SEC Adopts Final Rule on “Accredited Investor” Standard

The Securities & Exchange Commission adopted earlier this month its proposed final rule regarding the standards that are used to determine who is an “accredited investor” and thus able to participate in certain unregistered private placements and offerings. For your reference, here’s a brief roundup of legal updates on the new rule:

SEC Adopts Final Rule Modifying Net Worth Definition for “Accredited Investors” (Akerman Senterfitt)

“On December 21, 2011, the U.S. Securities and Exchange Commission (‘SEC’) adopted a final rule modifying the net worth standard for ‘accredited investors.’ … The final Rule is similar to the proposed rule promulgated in January 2011, but with two important changes relating to the inclusion in the calculation of a person’s net worth of incremental debt, secured by such person’s primary residence, incurred during the 60 day period prior to a sale of securities and a limited grandfathering provision for certain ‘follow-on’ offerings.” Read more»

SEC Amends Accredited Investor Net Worth Standards per Dodd-Frank (Duane Morris LLP)

“The Amendments provide that a person’s primary residence may not be included as an asset in calculating that person’s net worth. Likewise, debt secured by an investor’s primary residence is not included as a liability in the net worth calculation. Nevertheless, indebtedness secured by a primary residence that exceeds the estimated fair market value of the primary residence (that is, when the primary residence is underwater) will be included as a liability in the net worth calculation.” Read more»

Dodd-Frank Update: Final Rule on Accredited Investor Standard (Meyers & Heim LLP)

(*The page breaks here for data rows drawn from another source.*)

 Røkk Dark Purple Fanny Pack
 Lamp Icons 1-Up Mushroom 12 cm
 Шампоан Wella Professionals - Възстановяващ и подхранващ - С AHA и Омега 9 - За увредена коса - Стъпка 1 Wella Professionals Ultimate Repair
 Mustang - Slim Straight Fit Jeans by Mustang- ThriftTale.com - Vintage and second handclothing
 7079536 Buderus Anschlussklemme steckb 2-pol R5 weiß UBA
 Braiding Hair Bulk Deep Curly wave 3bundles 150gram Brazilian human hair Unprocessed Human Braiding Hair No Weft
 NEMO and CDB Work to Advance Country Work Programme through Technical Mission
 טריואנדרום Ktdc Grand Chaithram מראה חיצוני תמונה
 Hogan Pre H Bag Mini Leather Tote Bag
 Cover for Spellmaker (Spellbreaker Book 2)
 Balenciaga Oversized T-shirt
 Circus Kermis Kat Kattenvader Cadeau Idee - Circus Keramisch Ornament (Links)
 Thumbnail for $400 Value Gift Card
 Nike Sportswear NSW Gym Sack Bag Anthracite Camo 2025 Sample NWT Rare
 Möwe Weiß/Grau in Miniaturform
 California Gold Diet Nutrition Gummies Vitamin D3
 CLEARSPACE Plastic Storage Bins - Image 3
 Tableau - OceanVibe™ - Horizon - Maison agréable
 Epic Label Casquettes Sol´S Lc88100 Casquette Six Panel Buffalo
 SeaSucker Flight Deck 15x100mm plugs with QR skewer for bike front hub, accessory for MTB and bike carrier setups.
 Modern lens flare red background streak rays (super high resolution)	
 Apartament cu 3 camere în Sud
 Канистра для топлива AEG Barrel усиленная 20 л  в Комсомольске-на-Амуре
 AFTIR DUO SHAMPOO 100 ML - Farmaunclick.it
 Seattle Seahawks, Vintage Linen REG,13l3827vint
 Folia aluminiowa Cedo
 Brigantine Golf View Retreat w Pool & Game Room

“Further rulemaking on this issue is expected – Section 415 of the Dodd-Frank Act requires the Comptroller General of the United States to conduct a ‘Study and Report on Accredited Investors’ examining ‘the appropriate criteria for determining the financial thresholds or other criteria needed to qualify for accredited investor status and eligibility to invest in private funds.’ The SEC will use this information in future rulemaking on this issue.” Read more»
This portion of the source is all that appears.